That very evening I was zooming around completely new geography on the quad bike. Impenetrable, head-high thickets of jumbling bramble, thistle and nettles had been razed to a neat, flat, earthy rug. Butterflies rose on either side of me as I passed in top gear with the whippet in hot pursuit.

The woods that lead to the river had become so overgrown that it hadn't been possible to get a vehicle down there for years. For that reason I haven't been able to put those eight acres with a river along one side to any practical use. It's beautiful, though, my favourite field, probably my favourite place in the world. It's a secluded wilderness, somewhere else altogether where no one ever goes except me.

The first and last of the day's sunshine smashed into my face as I flew out of the woodland at the bottom of the valley and into the field. A large deer stood on the pristine new track by the river, momentarily frozen like a picture – then the whole scene exploded. The whippet executed a gear change and flew round me like a Bentley passing a bus on the M40. Shouting at him to stop, I chased the whippet, the whippet chasing the bolting deer all along the river, all of us in flight in the immaculate serenity of high summer in the middle of nowhere.

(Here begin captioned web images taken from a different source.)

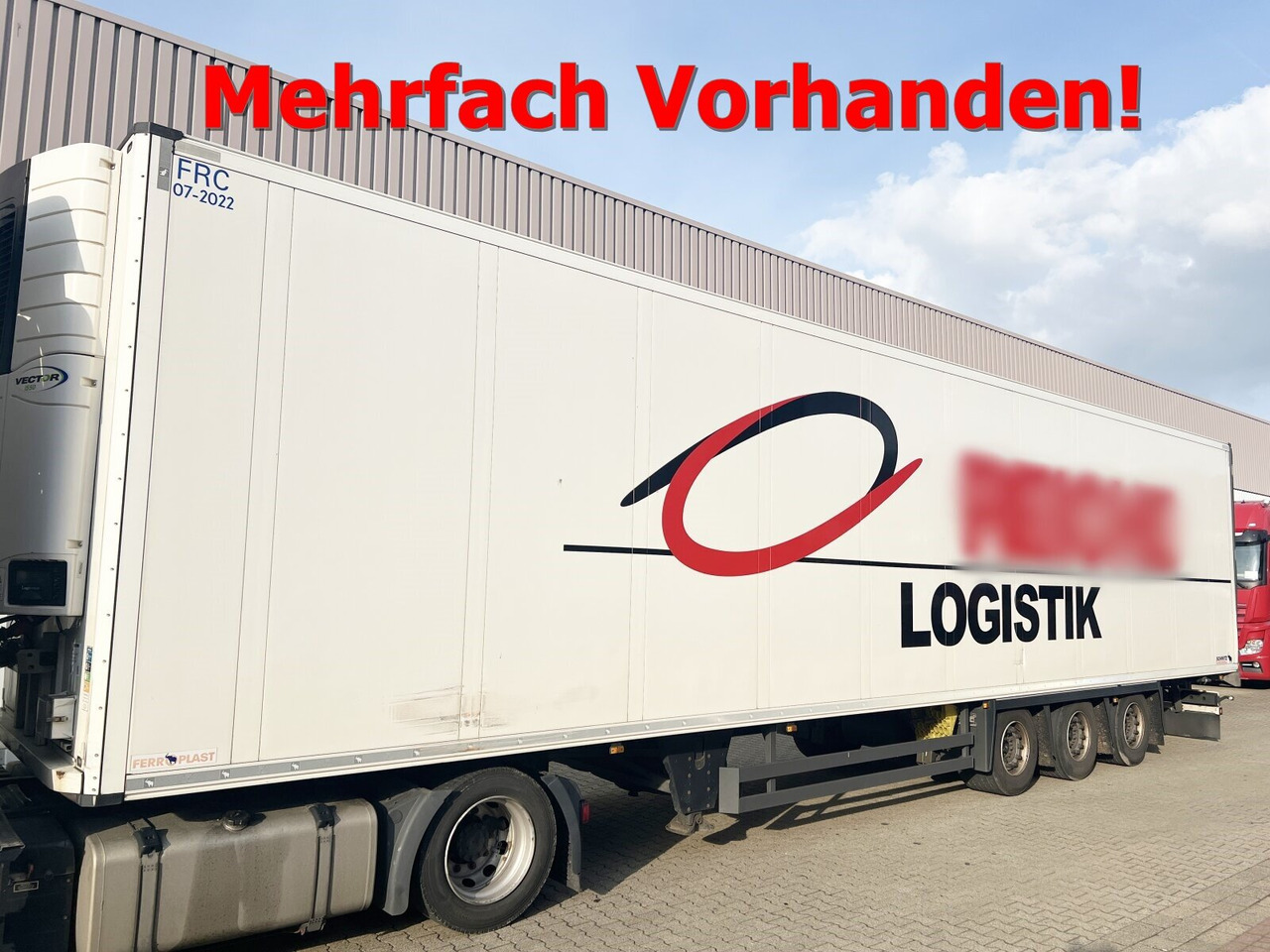 Schmitz Cargobull SKO 24/L-13.4 FP 45 SKO 24/L-13.4 FP 25 45 COOL, Mega, Doppelstock - Semi-reboque frigorífico: foto 1 Schmitz Cargobull SKO 24/L-13.4 FP 45 SKO 24/L-13.4 FP 25 45 COOL, Mega, Doppelstock - Semi-reboque frigorífico: foto 1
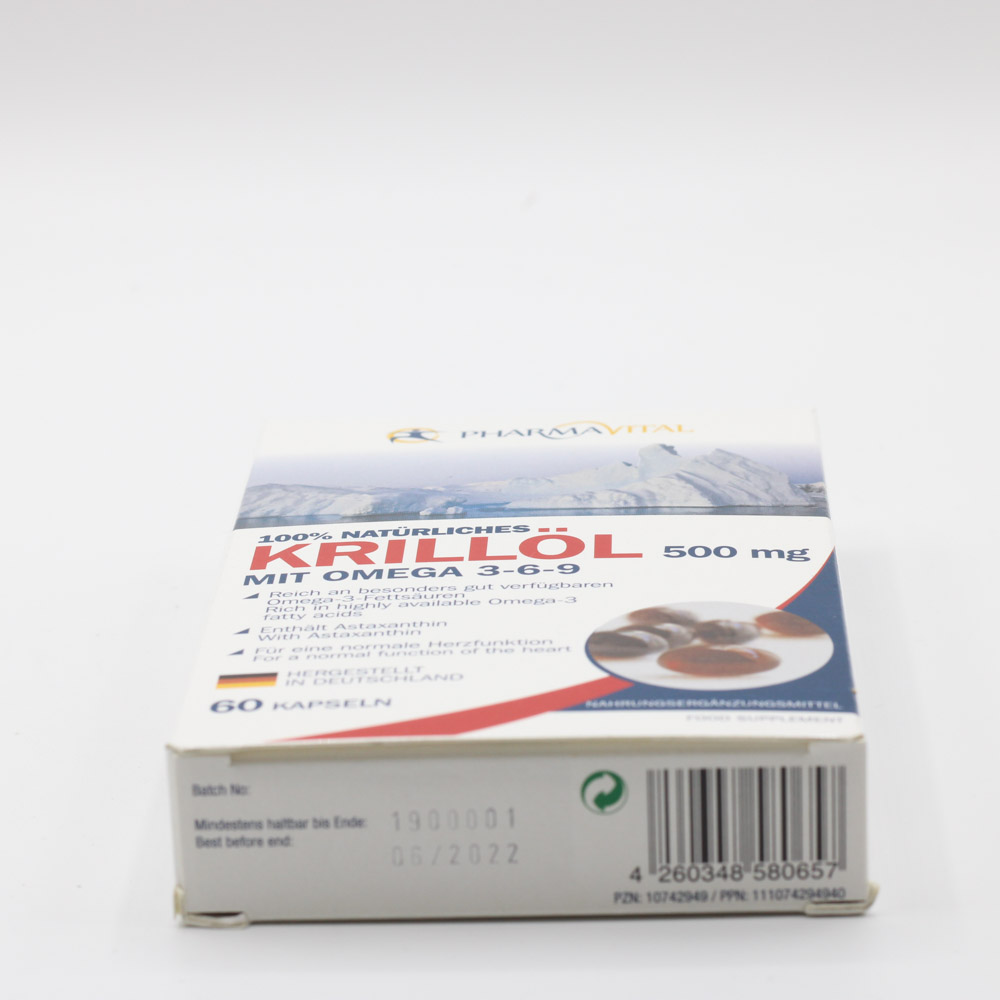 NATÜRLICHES Krillöl 500 mg Prem.+Omega 3-6-9 Kaps.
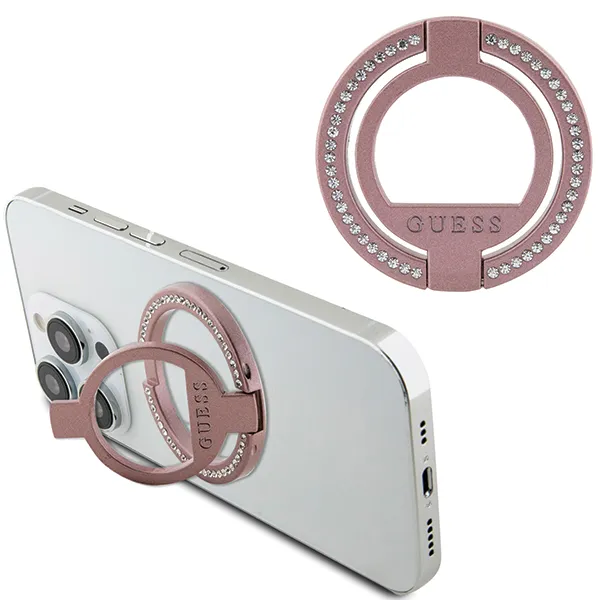 Guess Ringständer GUMRSALDGP (Strasssteine / rosa)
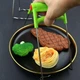 Захват щипцы KitchenWare универсальные 3в1 ухват с пластиковой ручкой для банок, мисок, кастрюль - изображение 5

The deer made good its escape over a stile at the far end of the field. "Don't do that again," I said to the dog, as he chewed another butterfly, but I could tell he wasn't listening.

Flaming lovely

Best of all this summer has been the bonfire. It's always been just a bit too cold to sit out in the garden in the evenings, even in August. I don't know why it's taken so long – six years – for me to work out a fire is all it takes to make the difference. A few well-placed rocks around it, a guitar; it's even quite nice in the rain.

The cool 'buildeuse'

I thought I'd overcome my addiction to building but I seem to have talked myself into just one more kitchen – a very modest one, outside near the bonfire. I called my man Neil and he turned up yesterday with his girlfriend. They work together. She's the first woman builder I've ever met. It's a good look, cooler than a "manny", a buildeuse. Nice.